Collection of feed scraping scripts

Primary LanguagePythonApache License 2.0Apache-2.0


In early 2022 Apple launched a new technotes site. It's updated regularly, but does not have a feed. This script scrapes the JSON metadata for the catalog and generates a feed for it. Publication dates for the technotes are inferred based on the first time that a given note is seen.

The scraped feed is published at https://persistent.info/scraped/apple-technotes.xml.


GoComics.com (which recently merged with Comics.com) has stopped linking to or updating their RSS feeds.

This script fetches a GoComics.com strip homepage, generates strip URLs and then for each one looks up the the actual comic image and outputs a minimal Atom feed with the image. Sample usage:

python gocomics-scrape.py frazz > ~/www/scraped/frazz.xml

I've put something like that in a cron job that runs once an hour.
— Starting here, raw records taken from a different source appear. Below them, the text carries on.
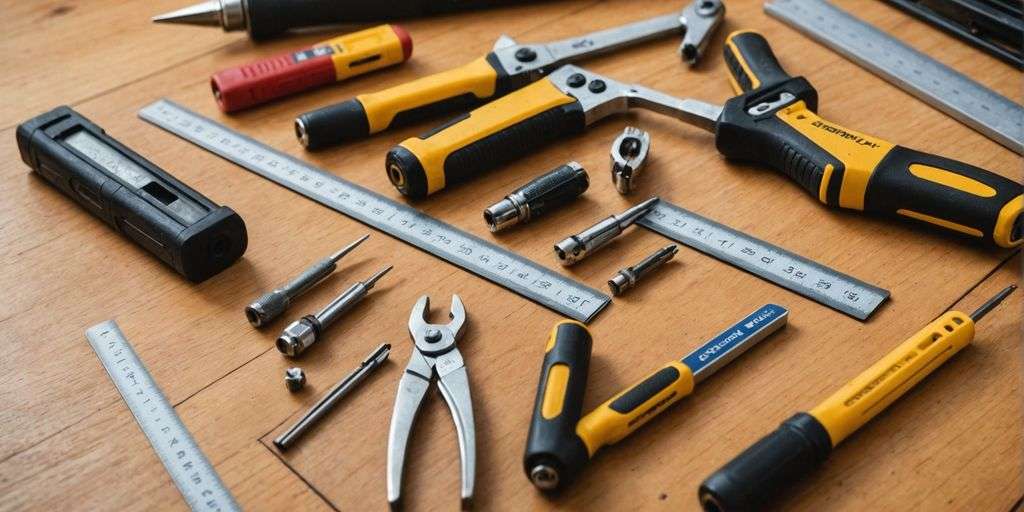 Workbench with essential installation tools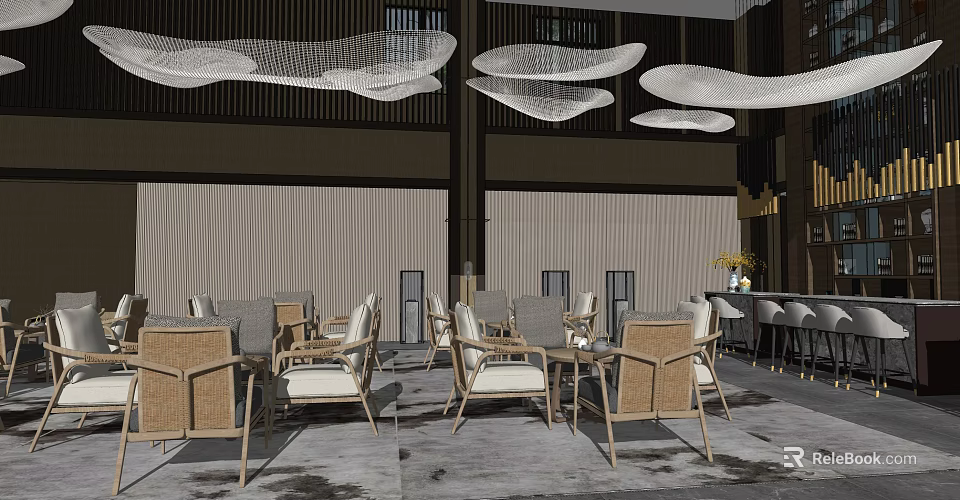 Modern Casual Lounge Area With Wicker Chairs Coffee Tables Hanging Cloud Decor And Soft Lighting 3d model 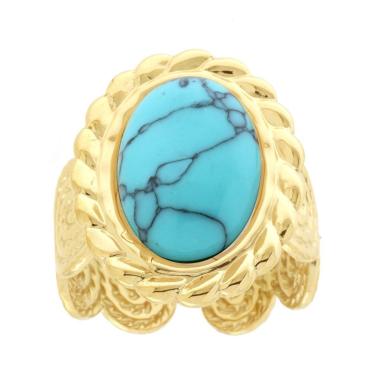 Anello Fascia con Spirali effetto Corda con Pietra Ovale colore Turchese in ACCIAIO colore Oro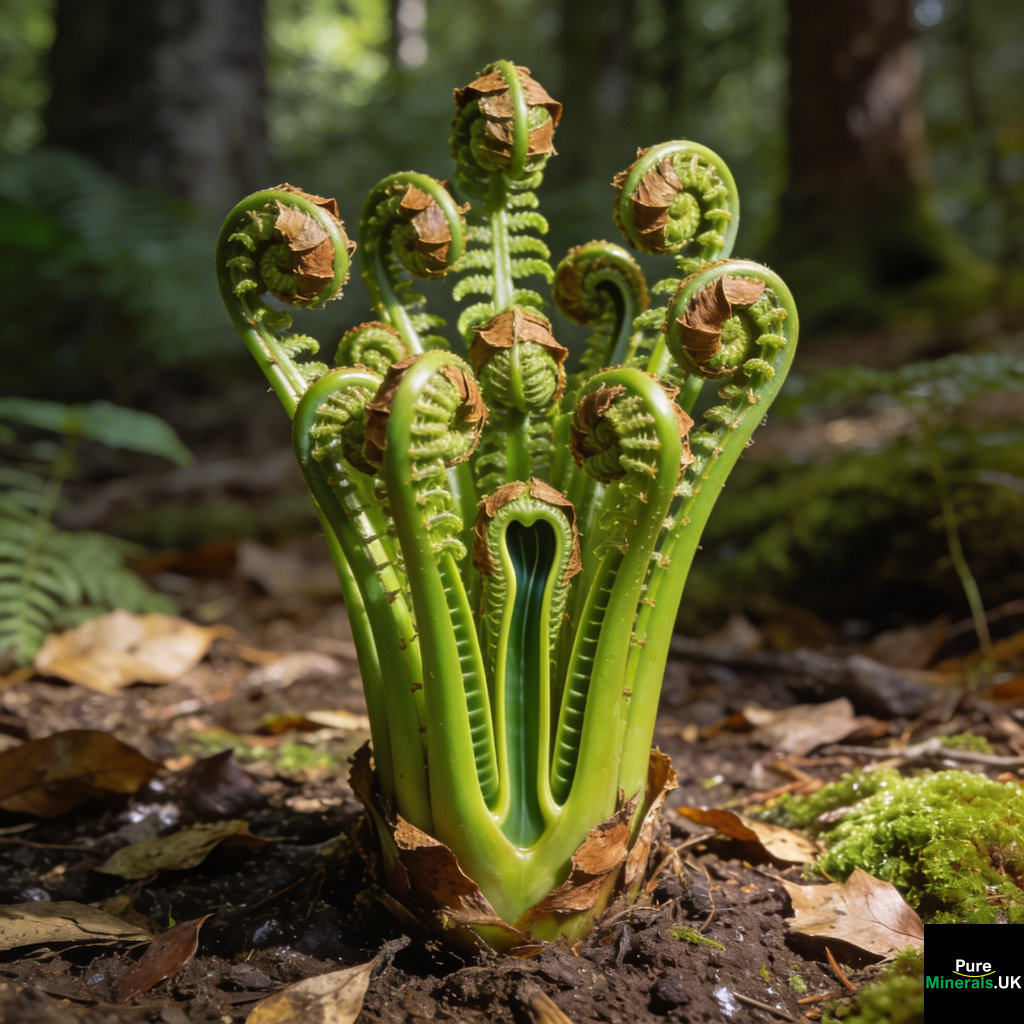 Cluster of wild ostrich fern fiddleheads with smooth green stems, visible U-shaped groove, and brown papery scales growing from a forest floor.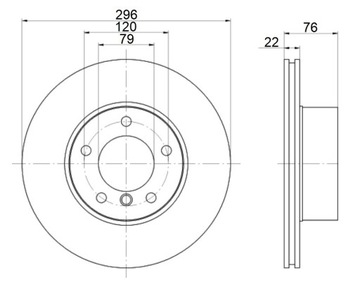 MIKODA 0428 ДИСКИ, КОЛОДКИ BMW 5 E39 передние 296мм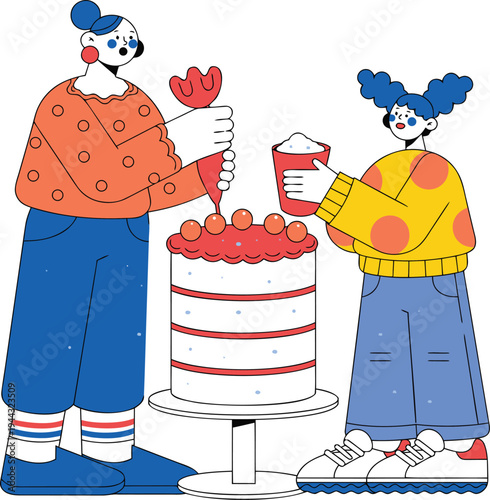 Mother And Daughter Baking Cake Together Family Activity Vector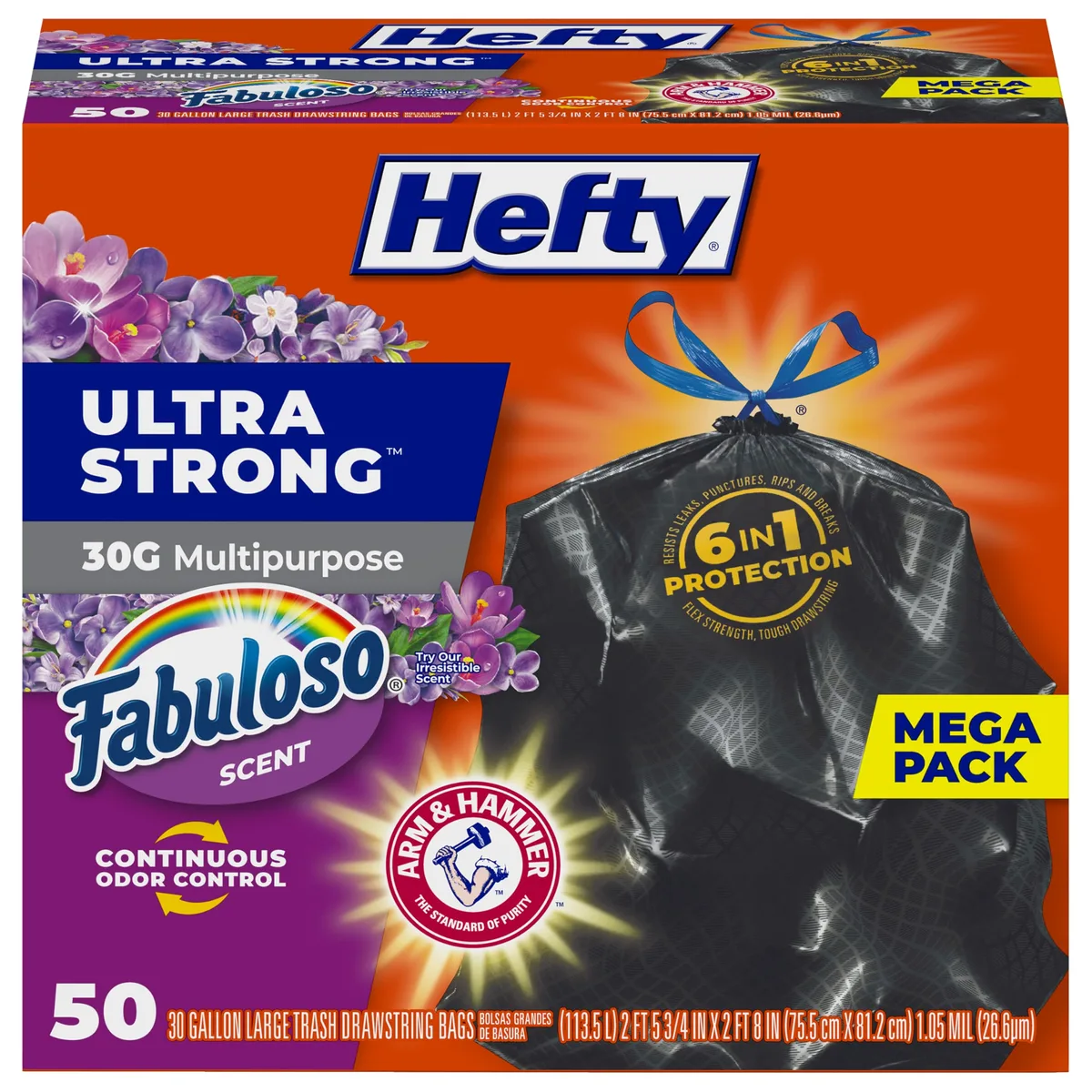 White plastic trash bags in a sealed pack, drawstring closure visible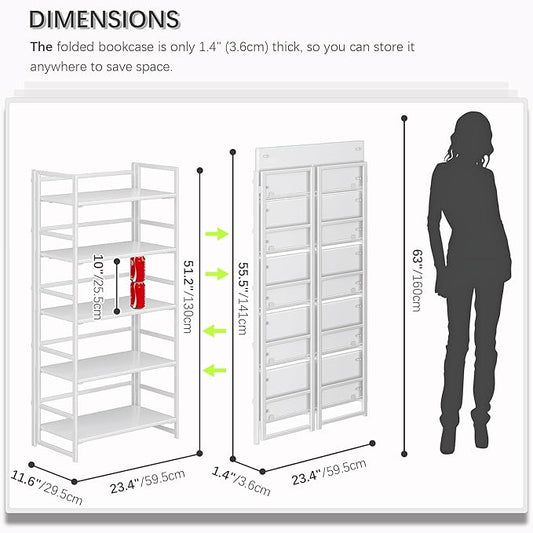 4NM No Assembly 5 Tiers Collapsible Book Shelves, 51.2" H Folding Bookshelf Bookcase Open Industrial Foldable Shelves for Bedroom, Living Room, Home Office - All White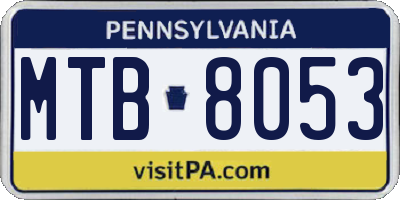PA license plate MTB8053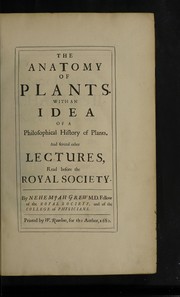 Cover of The anatomy of plants by Nehemiah Grew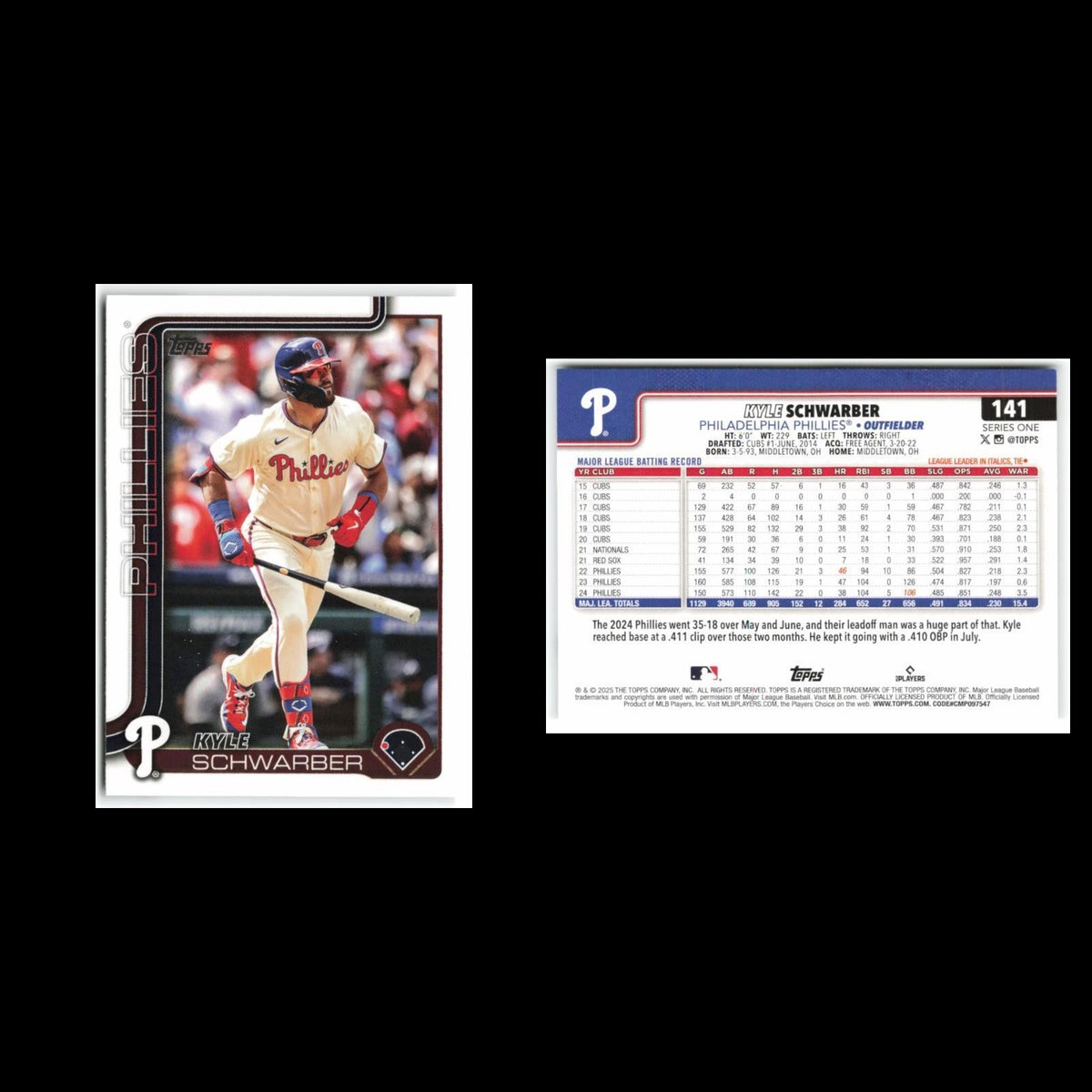 Kyle Schwarber #141 2025 Topps Philadelphia Phillies Baseball Card MLB NM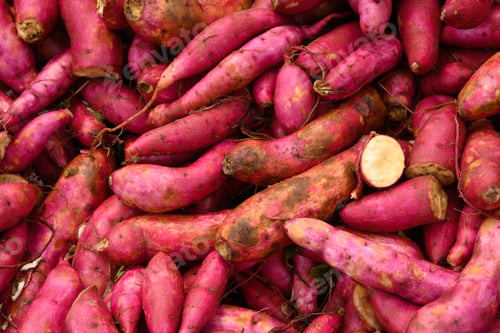 Preview: Fresh Sweet potato as background. Local vegetables.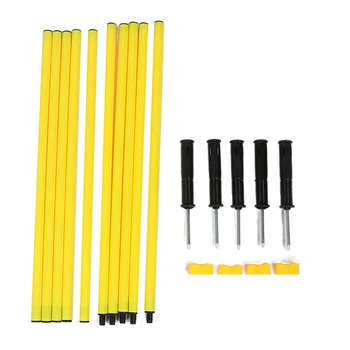 Soccer Poles Set Yellow Poles 1.5m Training Poles Soccer Training Sports Poles with Base Buckles 2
Incidentally, Frazz and Calvin and Hobbes are the comics that I wanted this for, so if you're looking for a full content feeds for them they can be found at https://persistent.info/scraped/frazz.xml and https://persistent.info/scraped/calvinandhobbes.xml.


The Daily Puppy ostensibly has an RSS feed. However, it has not worked since early January 2014 (the contents are empty). Given that the site also has references to iGoogle (shut down on November 1, 2013), it doesn't seem like it's being maintained from a technical perspective. This script scrapes the most recent 10 puppies and generates a (full-content) feed for them (it uses the same XML endpoints as the the iOS app).

The result is placed at http://persistent.info/scraped/daily-puppy.xml. If the site fixes its offical feed, I will redirect this URL back to the official feed.